We eat yogurt everyday in our family, twice a day sometimes. Les yaourts et autres produits laitiers are a big part of the French diet. Most foreigners don't realize it (beyond the traditional crème brûlée or crème au caramel and the obvious fromages) until they enter a supermarket and get overwhelmed by the size of the dairy products aisles. It's like going to the chips section (or rather the granola/power bars these days) of an American supermarket. Except 10 times bigger! Whenever I go back to France, I love going to the dairy section of any supermarket. I love looking at the new offerings, the new packaging and generally go back home with more yogurts that I can have! It's just heaven to me!

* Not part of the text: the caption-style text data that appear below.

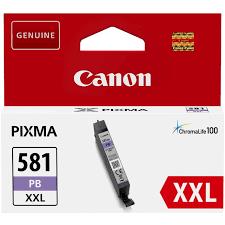 Μελάνι Canon CLI-581XXL Photo Blue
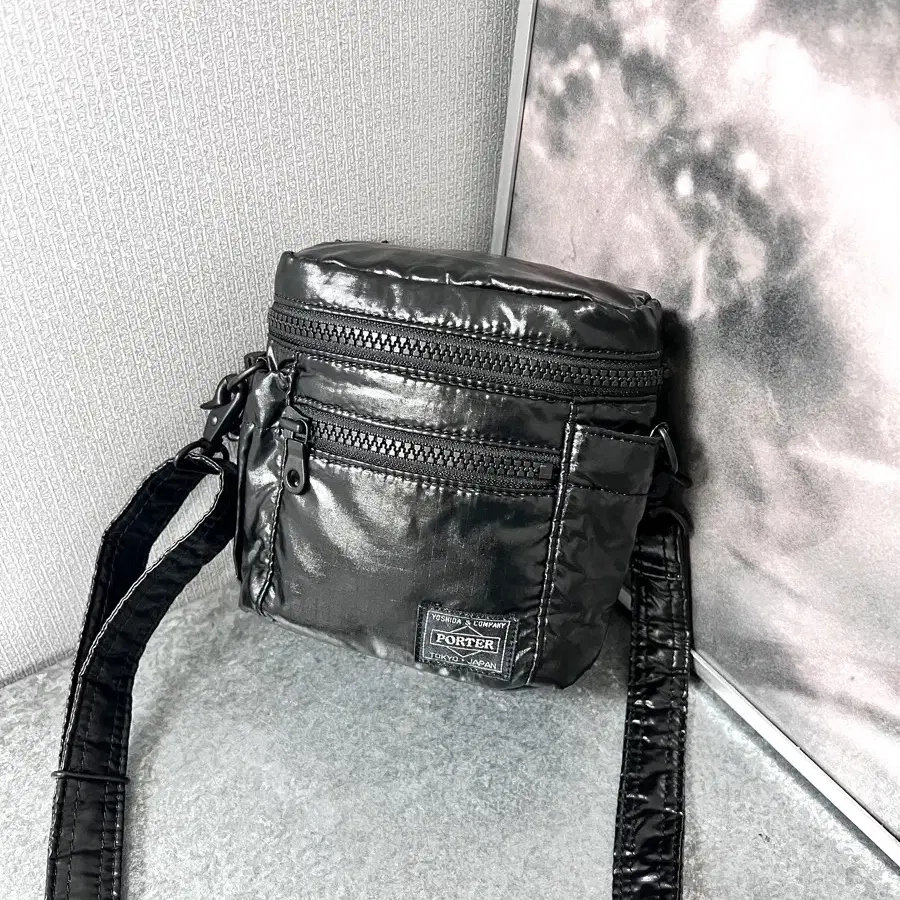 PORTER CIRE - SHOULDER BAG 포터 숄더백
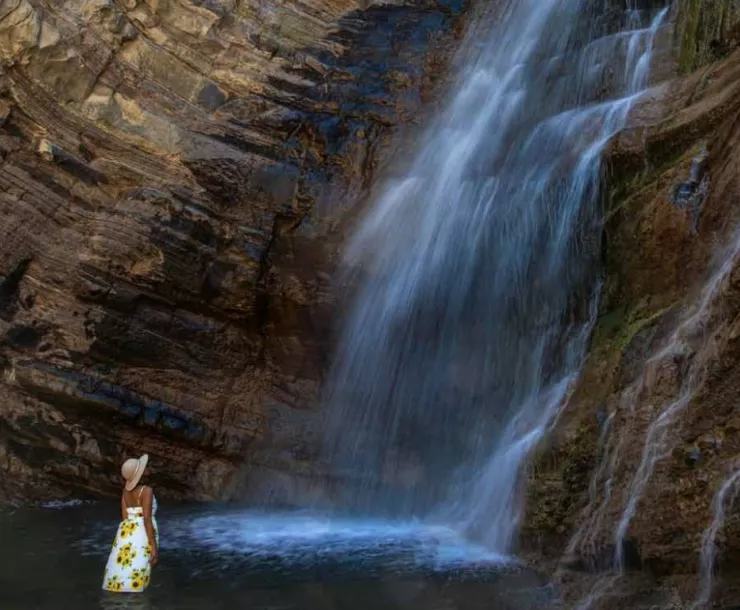Matilija Falls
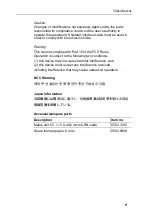 Preview for 9 page of TESTO 0554 0620 Instruction Manual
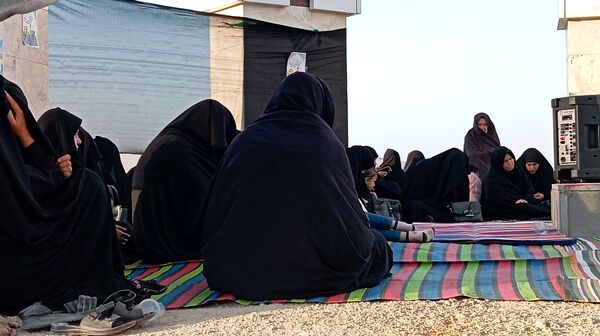 نورالشهدا شهر بن میزبان عزاداران رضوی 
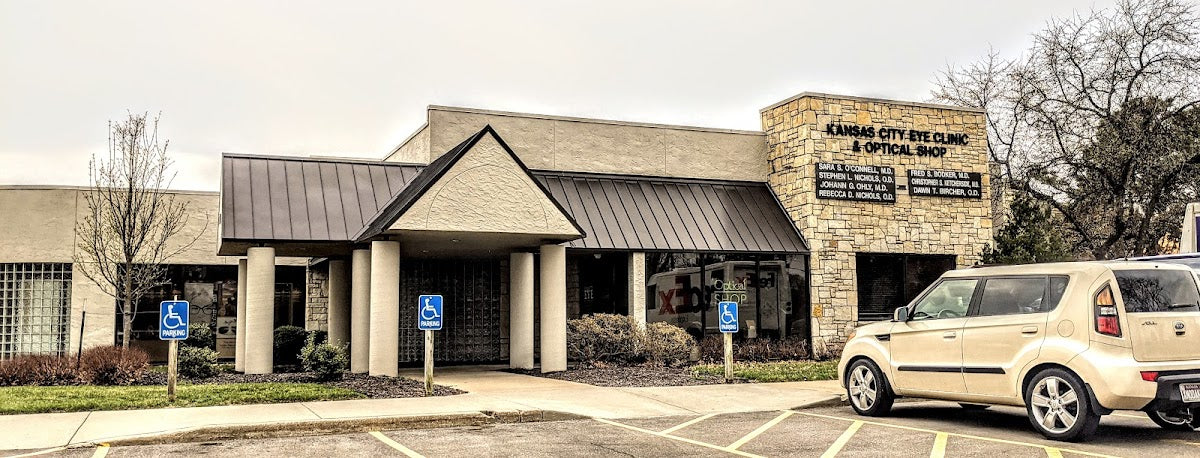 Eye Clinic Optical Shop | Eye Clinic | Overland Park, MO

I grew up eating plain yogurt. Homemade plain yogurt . Made without a yogurt maker. Plain yogurt made by my grand-mother in her kitchen huche or by my mother in a boite à chaussures... You see, you don't need a yogurt maker to make good yogurts. The only thing you REALLY need is a thermometer (in addition to milk and another yogurt/yogurt starter). Then, you need a shoe box and newspaper. If your place is not warm enough, a blanket or extra towels as well. And here is your Marmite norvégienne, (aka thermal cooker; I guess they use it a lot in Norway (like in Hong-Kong or Japan.)) The principle of the thermal cooker is simple: it uses heat retention to finish the cooking without additional energy : you heat your milk, you pour it into a jar, add a little bit of yogurt (or yogurt starter); you put the jar in the marmitte norvégienne and let it do the magic work overnight! Plain easy! And no need to purchase a real thermal cooker unless you plan on going camping this Summer or making real enery savings (that said, I'd love to try to cook something in a real thermal cooker one day!)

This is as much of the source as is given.